Content starts
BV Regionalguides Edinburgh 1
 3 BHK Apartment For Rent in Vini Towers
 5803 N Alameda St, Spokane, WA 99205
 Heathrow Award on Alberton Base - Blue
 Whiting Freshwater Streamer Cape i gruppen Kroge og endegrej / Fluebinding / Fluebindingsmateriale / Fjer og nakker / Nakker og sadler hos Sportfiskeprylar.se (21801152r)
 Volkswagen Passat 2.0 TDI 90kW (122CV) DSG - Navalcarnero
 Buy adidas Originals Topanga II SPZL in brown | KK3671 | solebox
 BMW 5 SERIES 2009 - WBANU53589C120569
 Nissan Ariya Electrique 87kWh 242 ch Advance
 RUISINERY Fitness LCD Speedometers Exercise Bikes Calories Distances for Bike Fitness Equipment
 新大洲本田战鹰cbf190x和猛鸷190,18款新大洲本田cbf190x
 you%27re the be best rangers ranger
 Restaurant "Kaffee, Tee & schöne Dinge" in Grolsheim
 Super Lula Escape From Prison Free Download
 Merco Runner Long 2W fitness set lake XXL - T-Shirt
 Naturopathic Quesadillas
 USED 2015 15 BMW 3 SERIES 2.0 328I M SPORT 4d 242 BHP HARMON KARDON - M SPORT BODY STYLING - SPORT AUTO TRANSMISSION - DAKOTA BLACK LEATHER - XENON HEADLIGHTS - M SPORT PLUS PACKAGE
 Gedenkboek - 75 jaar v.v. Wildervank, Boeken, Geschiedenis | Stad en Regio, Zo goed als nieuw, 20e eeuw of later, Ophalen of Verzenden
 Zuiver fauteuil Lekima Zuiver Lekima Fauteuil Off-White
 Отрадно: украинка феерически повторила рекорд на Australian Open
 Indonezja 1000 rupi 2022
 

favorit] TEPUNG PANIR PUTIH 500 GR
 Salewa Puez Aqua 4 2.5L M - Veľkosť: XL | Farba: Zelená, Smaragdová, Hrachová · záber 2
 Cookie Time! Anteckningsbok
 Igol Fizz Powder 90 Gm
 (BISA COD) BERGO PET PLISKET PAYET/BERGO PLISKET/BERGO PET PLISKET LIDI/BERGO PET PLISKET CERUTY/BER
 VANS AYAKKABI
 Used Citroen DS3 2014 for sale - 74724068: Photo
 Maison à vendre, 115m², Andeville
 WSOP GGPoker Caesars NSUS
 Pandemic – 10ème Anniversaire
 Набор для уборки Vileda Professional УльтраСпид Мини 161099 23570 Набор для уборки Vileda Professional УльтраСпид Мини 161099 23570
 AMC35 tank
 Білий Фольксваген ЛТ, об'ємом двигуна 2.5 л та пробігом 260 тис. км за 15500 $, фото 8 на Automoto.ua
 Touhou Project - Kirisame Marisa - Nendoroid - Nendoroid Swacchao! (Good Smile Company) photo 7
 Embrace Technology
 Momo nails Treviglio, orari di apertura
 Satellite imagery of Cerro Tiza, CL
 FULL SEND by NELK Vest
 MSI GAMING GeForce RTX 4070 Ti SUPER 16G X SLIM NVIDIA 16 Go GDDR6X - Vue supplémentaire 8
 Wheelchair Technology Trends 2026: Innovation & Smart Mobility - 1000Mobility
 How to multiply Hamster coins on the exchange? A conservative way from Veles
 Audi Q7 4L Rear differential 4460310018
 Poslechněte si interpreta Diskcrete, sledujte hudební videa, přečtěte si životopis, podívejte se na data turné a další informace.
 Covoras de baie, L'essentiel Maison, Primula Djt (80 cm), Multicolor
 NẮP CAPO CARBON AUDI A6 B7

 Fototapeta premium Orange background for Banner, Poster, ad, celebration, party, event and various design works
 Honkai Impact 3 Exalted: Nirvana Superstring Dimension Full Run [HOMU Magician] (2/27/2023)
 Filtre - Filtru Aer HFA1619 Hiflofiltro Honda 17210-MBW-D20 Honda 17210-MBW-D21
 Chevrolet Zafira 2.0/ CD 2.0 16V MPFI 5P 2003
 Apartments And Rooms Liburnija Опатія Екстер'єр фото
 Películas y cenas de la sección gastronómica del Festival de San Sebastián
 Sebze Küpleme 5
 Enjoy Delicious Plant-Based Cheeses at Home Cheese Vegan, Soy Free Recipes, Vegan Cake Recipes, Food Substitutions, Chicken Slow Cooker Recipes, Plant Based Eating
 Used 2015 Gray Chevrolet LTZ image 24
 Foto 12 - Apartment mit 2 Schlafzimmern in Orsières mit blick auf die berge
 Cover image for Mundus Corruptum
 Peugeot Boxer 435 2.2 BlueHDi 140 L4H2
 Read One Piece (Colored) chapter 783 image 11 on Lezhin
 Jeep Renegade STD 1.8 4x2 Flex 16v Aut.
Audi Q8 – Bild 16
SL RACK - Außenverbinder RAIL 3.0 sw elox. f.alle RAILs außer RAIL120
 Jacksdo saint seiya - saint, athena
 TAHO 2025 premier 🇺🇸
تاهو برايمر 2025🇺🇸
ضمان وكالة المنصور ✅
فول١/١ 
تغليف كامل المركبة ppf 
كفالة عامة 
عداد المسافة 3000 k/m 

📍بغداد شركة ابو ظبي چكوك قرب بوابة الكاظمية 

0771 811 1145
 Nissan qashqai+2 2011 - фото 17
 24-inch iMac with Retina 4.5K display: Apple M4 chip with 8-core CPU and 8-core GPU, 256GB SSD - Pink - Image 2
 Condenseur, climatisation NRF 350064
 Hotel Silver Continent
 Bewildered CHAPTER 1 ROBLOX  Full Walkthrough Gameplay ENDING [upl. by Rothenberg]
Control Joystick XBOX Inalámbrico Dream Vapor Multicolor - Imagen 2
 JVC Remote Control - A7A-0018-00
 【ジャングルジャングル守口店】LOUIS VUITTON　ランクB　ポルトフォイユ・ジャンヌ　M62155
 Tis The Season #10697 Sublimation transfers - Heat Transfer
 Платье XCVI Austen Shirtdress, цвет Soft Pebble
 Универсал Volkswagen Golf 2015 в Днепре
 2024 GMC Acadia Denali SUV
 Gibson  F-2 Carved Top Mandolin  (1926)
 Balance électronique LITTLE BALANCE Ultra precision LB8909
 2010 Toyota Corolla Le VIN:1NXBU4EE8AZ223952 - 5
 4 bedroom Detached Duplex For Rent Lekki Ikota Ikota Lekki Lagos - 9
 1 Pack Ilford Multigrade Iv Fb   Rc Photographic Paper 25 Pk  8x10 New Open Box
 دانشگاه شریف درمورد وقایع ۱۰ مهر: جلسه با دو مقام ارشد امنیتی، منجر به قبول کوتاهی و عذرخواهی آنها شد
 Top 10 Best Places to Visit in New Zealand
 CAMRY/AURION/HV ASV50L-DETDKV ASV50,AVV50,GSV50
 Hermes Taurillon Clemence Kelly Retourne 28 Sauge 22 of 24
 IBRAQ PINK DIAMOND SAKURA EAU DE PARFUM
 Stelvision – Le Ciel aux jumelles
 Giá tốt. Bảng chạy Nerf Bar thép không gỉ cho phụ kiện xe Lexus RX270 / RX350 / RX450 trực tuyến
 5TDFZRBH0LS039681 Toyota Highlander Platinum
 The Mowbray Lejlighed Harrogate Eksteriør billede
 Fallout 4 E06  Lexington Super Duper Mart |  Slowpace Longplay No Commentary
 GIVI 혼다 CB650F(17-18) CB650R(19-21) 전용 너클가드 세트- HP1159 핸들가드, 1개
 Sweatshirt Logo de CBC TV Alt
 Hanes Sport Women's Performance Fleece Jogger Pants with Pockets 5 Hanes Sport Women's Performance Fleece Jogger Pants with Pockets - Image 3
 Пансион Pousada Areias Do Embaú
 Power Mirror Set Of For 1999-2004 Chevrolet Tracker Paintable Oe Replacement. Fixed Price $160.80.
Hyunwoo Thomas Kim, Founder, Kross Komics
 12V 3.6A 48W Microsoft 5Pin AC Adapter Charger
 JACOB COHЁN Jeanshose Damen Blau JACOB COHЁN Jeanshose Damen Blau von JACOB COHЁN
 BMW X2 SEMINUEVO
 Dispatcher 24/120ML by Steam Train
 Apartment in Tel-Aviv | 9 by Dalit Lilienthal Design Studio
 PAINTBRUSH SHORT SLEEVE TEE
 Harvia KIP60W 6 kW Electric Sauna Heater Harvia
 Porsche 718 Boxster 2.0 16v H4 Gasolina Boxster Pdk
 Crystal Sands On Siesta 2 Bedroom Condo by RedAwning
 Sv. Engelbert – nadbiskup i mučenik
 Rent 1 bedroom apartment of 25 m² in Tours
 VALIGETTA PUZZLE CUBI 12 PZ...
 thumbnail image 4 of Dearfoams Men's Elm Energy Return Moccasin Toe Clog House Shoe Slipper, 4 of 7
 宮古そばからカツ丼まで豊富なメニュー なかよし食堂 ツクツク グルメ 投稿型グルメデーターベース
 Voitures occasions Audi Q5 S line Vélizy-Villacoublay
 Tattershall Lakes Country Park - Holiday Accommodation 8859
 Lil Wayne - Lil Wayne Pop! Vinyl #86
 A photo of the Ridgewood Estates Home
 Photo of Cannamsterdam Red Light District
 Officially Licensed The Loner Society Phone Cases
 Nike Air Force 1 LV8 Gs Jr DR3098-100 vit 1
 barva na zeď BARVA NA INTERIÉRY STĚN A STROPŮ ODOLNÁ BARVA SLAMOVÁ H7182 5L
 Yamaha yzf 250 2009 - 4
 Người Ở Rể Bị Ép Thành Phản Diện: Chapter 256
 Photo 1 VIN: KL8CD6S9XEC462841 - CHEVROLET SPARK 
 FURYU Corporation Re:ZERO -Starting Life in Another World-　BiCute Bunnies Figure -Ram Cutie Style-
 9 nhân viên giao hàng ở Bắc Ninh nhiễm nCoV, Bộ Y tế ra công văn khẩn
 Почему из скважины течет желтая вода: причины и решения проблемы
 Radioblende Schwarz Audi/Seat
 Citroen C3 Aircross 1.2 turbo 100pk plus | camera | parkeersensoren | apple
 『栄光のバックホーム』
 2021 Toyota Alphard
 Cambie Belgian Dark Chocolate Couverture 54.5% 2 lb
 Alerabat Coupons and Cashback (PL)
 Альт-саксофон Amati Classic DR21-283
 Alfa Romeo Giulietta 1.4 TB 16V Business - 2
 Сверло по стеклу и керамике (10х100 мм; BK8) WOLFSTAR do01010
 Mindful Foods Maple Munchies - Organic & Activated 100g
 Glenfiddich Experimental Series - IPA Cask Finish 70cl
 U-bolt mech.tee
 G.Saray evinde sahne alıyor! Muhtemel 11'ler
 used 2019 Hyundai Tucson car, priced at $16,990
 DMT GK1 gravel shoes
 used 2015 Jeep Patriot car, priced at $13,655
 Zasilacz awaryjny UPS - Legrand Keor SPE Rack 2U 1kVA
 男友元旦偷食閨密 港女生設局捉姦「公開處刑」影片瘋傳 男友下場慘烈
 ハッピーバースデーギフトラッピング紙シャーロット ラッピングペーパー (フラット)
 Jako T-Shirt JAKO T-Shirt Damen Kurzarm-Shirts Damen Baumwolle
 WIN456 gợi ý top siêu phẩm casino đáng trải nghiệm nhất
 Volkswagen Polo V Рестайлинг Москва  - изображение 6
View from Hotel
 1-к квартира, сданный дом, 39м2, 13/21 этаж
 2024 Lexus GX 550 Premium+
Content ends
*Exercise goal*: Every line of the listing that holds the word "Jeep" is to be found and copied.

*Completed exercise*:
 Jeep Renegade STD 1.8 4x2 Flex 16v Aut.
 used 2015 Jeep Patriot car, priced at $13,655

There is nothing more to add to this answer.